By using the file's hash as IV, you also divulge the file's hash. This allows an attacker to make an exhaustive search on the file contents. It is not difficult to imagine situations where there are only a few millions or billions of possible file contents (e.g. the file contents are an encrypted SAN or password), in which case showing the data hash is an intolerable leak.
What you could use as IV is the result of HMAC over the file, using as key the same key than for encryption (or, preferably, derive both the HMAC key and the encryption key with a suitable PRF). The result would probably be quite hard to prove secure in any way, so don't do it for production; but it seems like a promising way to achieve context-free deterministic encryption.
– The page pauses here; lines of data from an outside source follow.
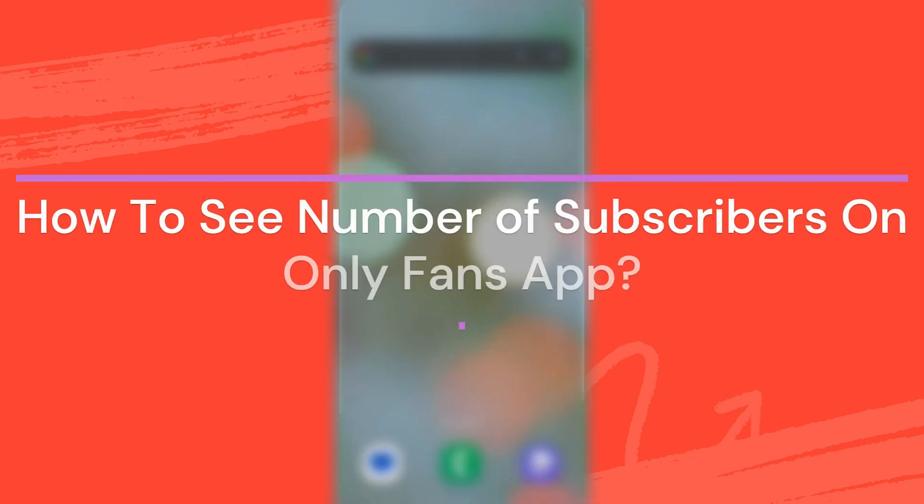Hey guys, welcome back to our YouTube channel App Tutorial. Today in this video, let's learn about how to see how many subscribers you have got on OnlyFans.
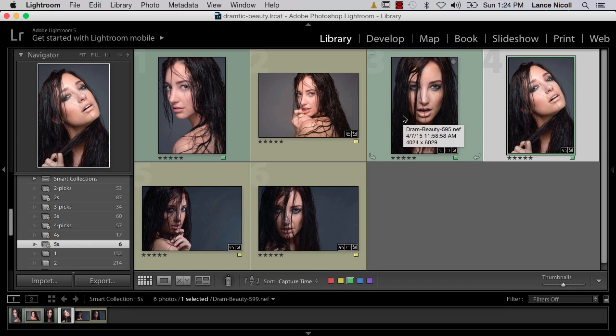Welcome to our Dramatic Beauty Portrait tutorial. In part 2, we're going to look at preparing our images for retouching using two different methods. The first method will utilize Lightroom and Photoshop — we'll use the virtual copy feature in Lightroom, make any changes we need, and export as layers into Photoshop. The second method will export the raw file into Photoshop and use Camera Raw to create any adjustments.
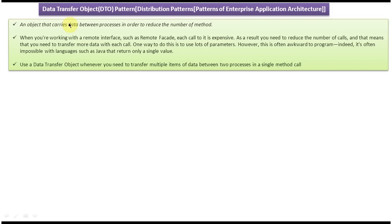Hi, today we will cover the data transfer object design pattern. It is also called the DTO pattern. This design pattern belongs to distribution patterns, and distribution patterns belong to patterns of enterprise application architecture.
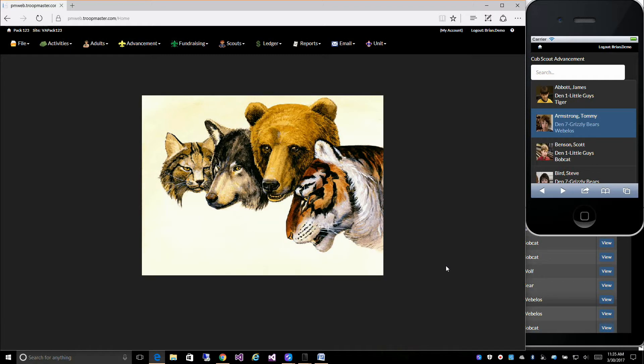I would like to introduce Packmaster Web 2.0. Packmaster Web is based off of our Troopmaster Web 2.0 program, but has been specifically designed for your Cub Scout pack.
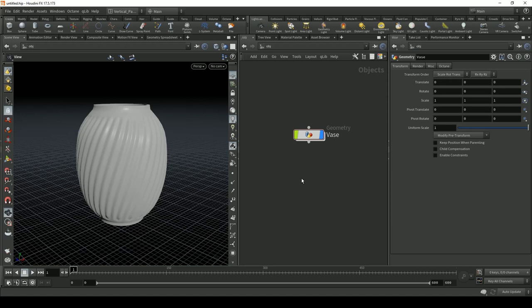Briefly describing what we'll be doing: we're creating the pyro sim and driving our particles with it, and also using a Collision Detect node. It basically detects collision of the particles with the geometry, and we can choose how the particles interact with the geometry when it collides. In our case, they will be sticking on the surface.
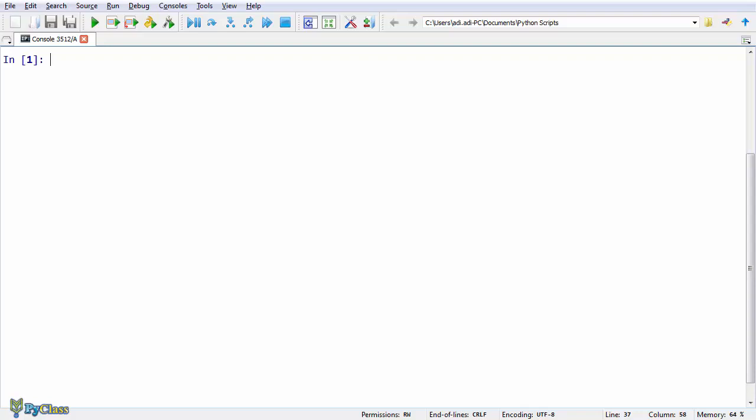It is very easy to create a variable in Python. Just pick a name for a variable and store something on it. I am creating a variable here and assigning it a number. So, potatoPrice equals 3. And yet another value in this other variable, amount equals 2.5.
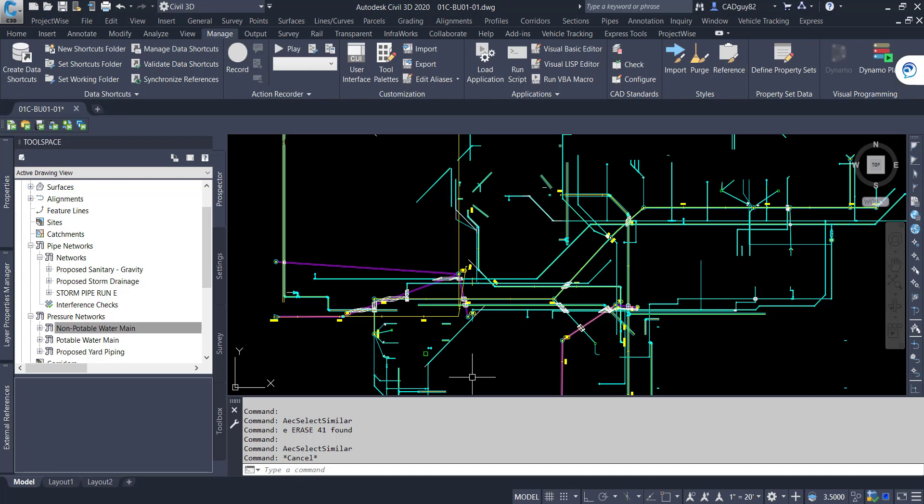Get your thoughts, ideas, see how much further we can push the boundaries with Dynamo. Thanks.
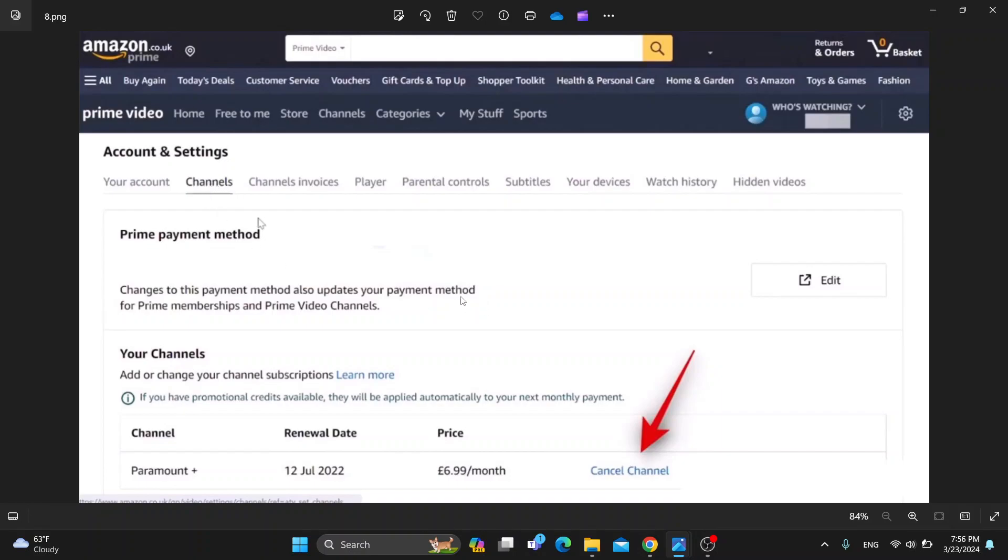Click on channels and this will open up this menu where you can see all the channels you have on Amazon. You can see here is our Paramount Plus account.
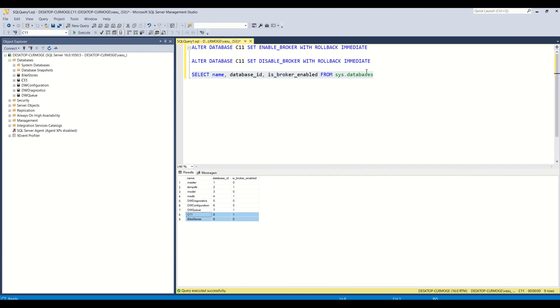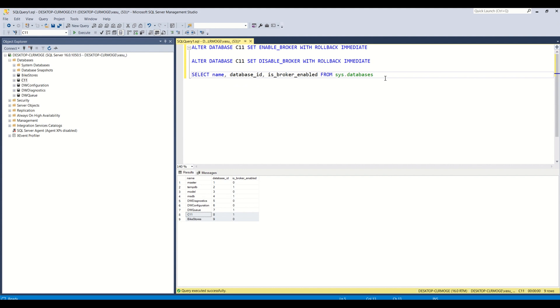So this is you can call SQL query notification. So to implement SQL query notification, first we have to enable broker service in the particular database. So this video is going to explain how to enable or disable and how to see whether particular database is enabled or broker service enabled or disabled from this SQL query statements.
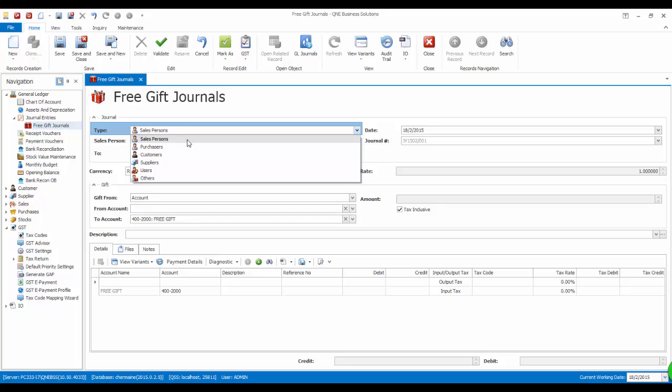System will retrieve the record from the database and you can select the party's name or code. Except for others, you will have to manually input the name of the person and it is case sensitive. System will record how many times you have given a free gift to this person per calendar year.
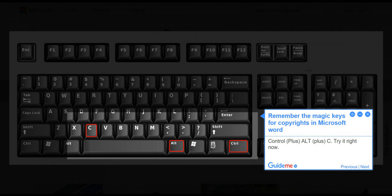Step 2. Remember the magic keys for the copyright symbol in Microsoft Word: CTRL + ALT + C. Try it right now.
"Context-free" means "without any memory". Some encryption modes require a random, unpredictable IV, while others just need nonces (e.g. a counter); you can obtain the former from the latter by encrypting the nonces with a block cipher, using a specific secret key for that. A counter still requires a bit of memory, which, depending on the situation, may or may not be easy to obtain. Some embedded systems would have difficulty updating a stored counter (permanent storage update draws a bit of current, a scarce resource on passive RFID systems). Since embedded systems rarely own a reliable source of randomness, they need deterministic encryption. Context-free deterministic encryption is thus an important niche functionality. Using HMAC to compute the IV for encryption may be a way to achieve that (with the important drawback of requiring a first pass on the whole file, before obtaining the IV which is need to begin encrypting it).